:: Information provided
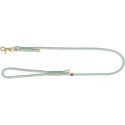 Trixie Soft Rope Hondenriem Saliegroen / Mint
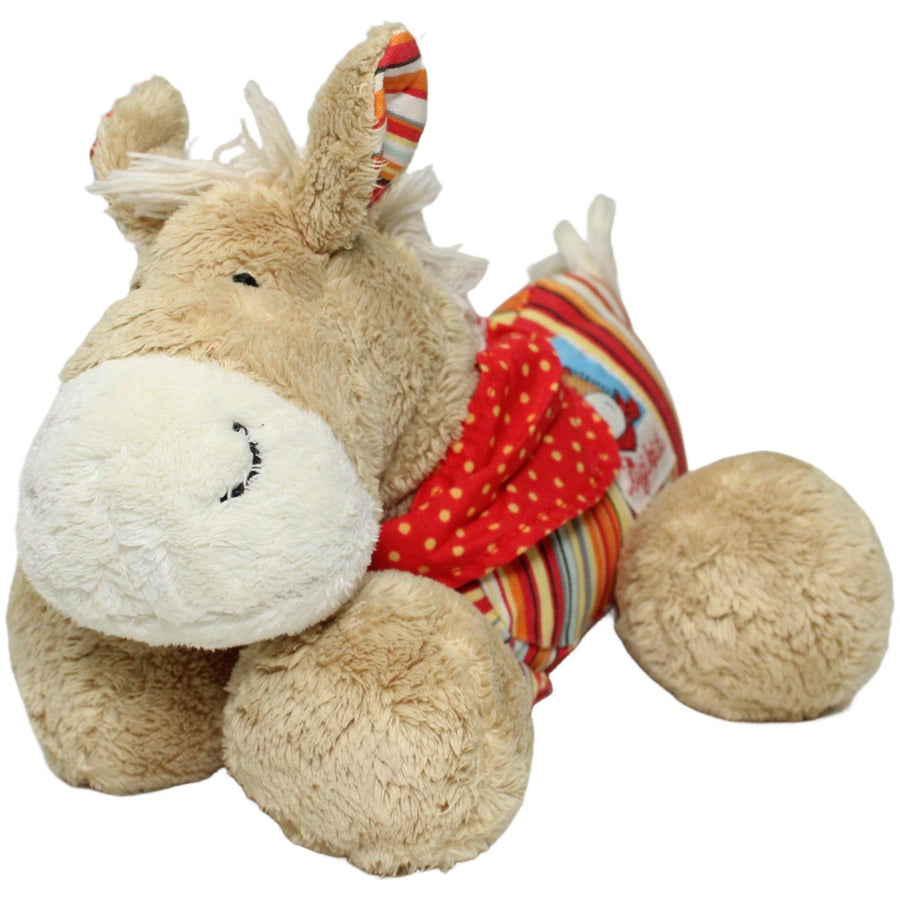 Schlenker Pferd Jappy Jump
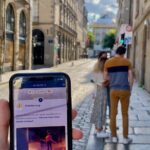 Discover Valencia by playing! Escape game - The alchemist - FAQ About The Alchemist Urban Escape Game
::::
:: Information provided
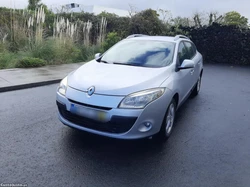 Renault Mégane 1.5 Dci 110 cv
::::
(Aim of the task) Leaving pictures out, output the lines of the data above from the one with "Trixie Soft Rope" through the one with "Discover Valencia by", word for word.

(Final answer)
 Trixie Soft Rope Hondenriem Saliegroen / Mint
 Schlenker Pferd Jappy Jump
 Discover Valencia by playing! Escape game - The alchemist - FAQ About The Alchemist Urban Escape Game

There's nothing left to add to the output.